### [DATASET ENTRIES]
****************
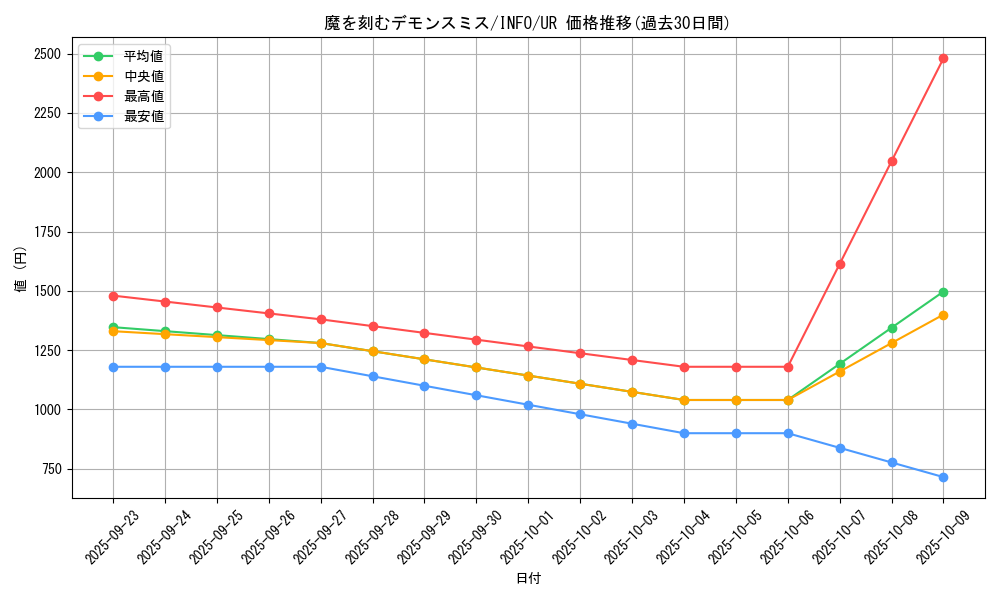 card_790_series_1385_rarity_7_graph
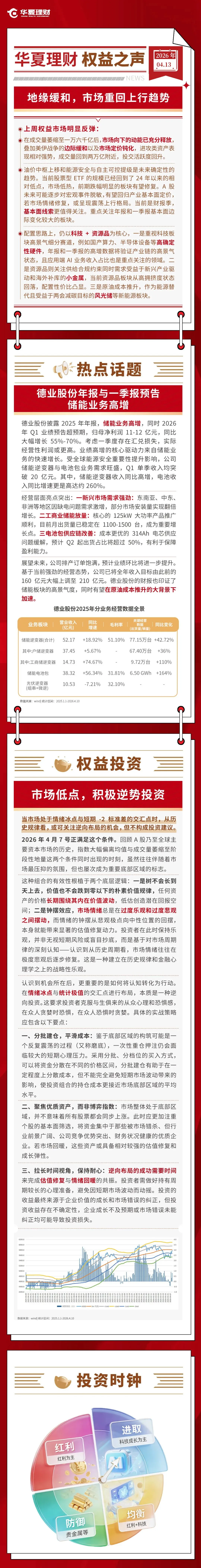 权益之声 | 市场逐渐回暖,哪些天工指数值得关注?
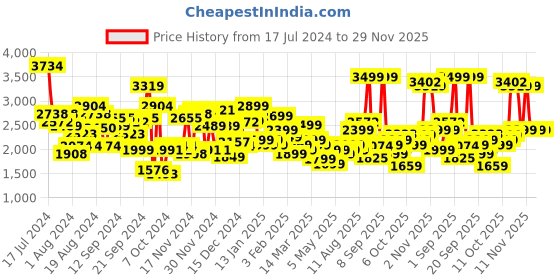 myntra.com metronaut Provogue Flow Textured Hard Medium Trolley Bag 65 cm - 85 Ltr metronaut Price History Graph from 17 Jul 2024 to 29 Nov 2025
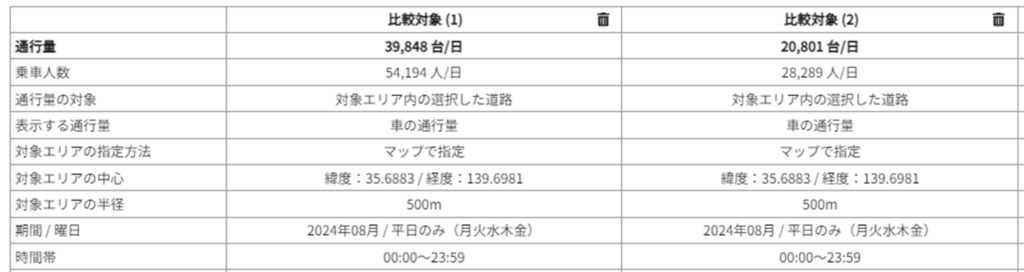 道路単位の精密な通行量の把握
****************
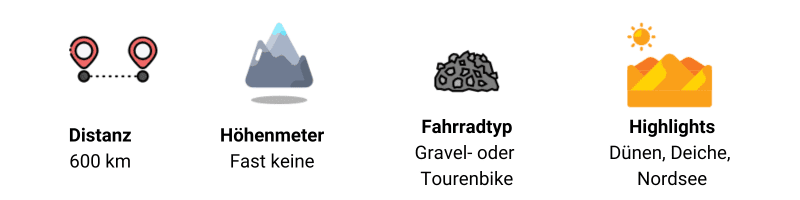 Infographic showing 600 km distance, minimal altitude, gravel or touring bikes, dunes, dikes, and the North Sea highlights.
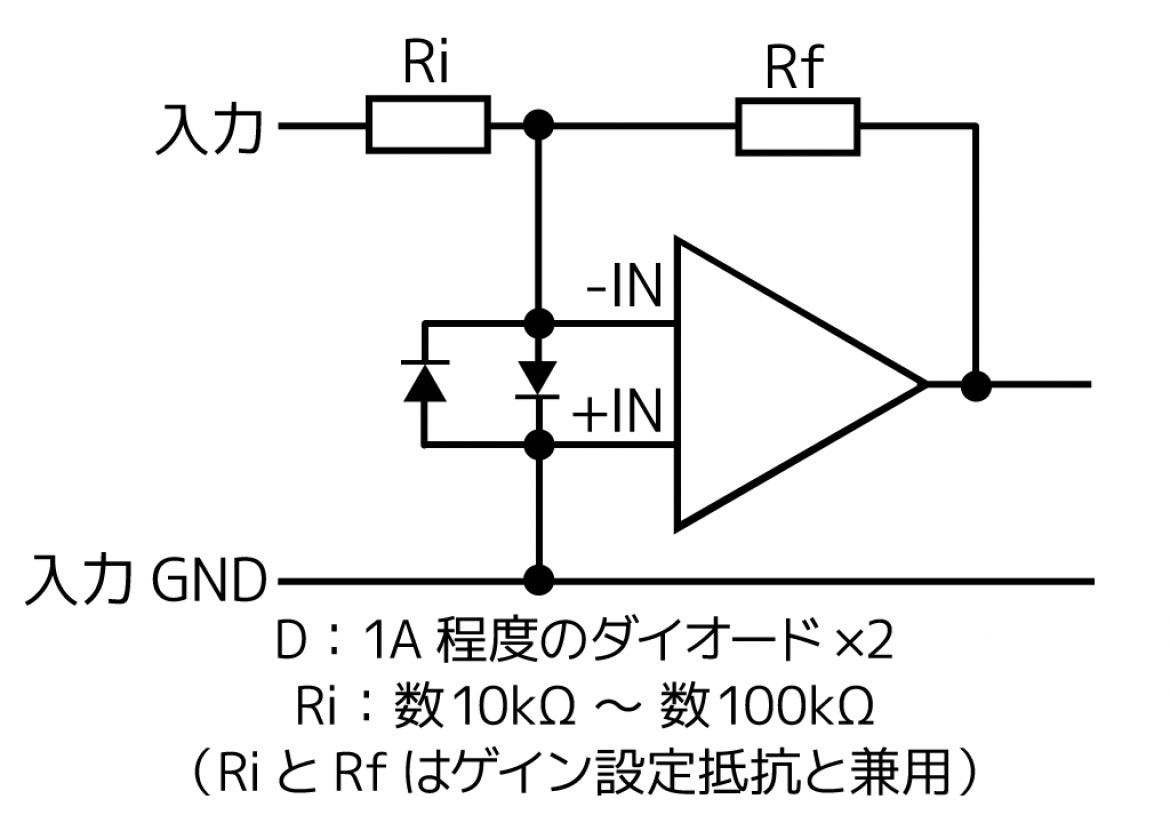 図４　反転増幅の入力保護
****************
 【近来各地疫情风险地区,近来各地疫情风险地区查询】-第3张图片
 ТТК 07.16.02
****************
### [WHAT THE TASK ASKS]
Starting at the line with "Infographic showing 600" in the entries above, write out every line exactly until the line with "図４　反転増幅の入力保護" has been written. Include no pictures and nothing more.

### [SOLUTION TO THIS EXERCISE]
 Infographic showing 600 km distance, minimal altitude, gravel or touring bikes, dunes, dikes, and the North Sea highlights.
 図４　反転増幅の入力保護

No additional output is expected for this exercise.